Naturellement le joyeux Noël amenant l’heureux jour de l’an, alors que chacun, en compensation du tracas et de la dépense des cadeaux gracieusement distribués autour de soi, s’attend à être payé de ses notes, l’étreinte des soucis sordides s’était à tel point resserrée sur l’esprit de Lydgate, qu’il ne lui était guère possible de penser avec suite à tout autre sujet, même le plus familier et le plus attrayant. Ce n’était pas un homme de mauvais caractère ; son activité intellectuelle, l’ardente tendresse de son cœur, aussi bien que sa robuste constitution, l’eussent toujours maintenu, dans des conditions tolérables, au-dessus du laisser-aller des petites susceptibilités qui constituent un mauvais caractère.
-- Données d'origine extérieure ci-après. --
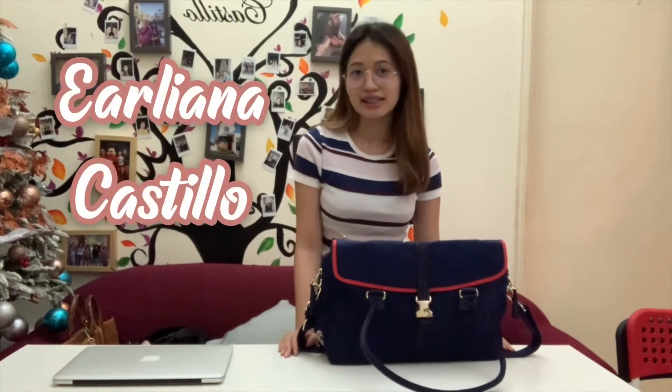Hi everyone! I'm Erleana Castillo from JSE.com and I'm here to show you why Kipling's brand new bag, the Super Work S, is your best companion for travel and work.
Mais il était, en ce moment, en proie à la pire des irritations, celle qui ne vient pas seulement du ressentiment de contrariétés de tout genre, mais encore, par derrière toutes ces contrariétés, de la conscience de son énergie gaspillée, et d’une préoccupation humiliante, qui était précisément l’opposé de tous ses desseins antérieurs. « C’est à ceci que je pense, et c’est à cela que j’aurais pu penser », murmurait au dedans de lui une incessante amertume, faisant de chaque difficulté un double aiguillon pour son impatience.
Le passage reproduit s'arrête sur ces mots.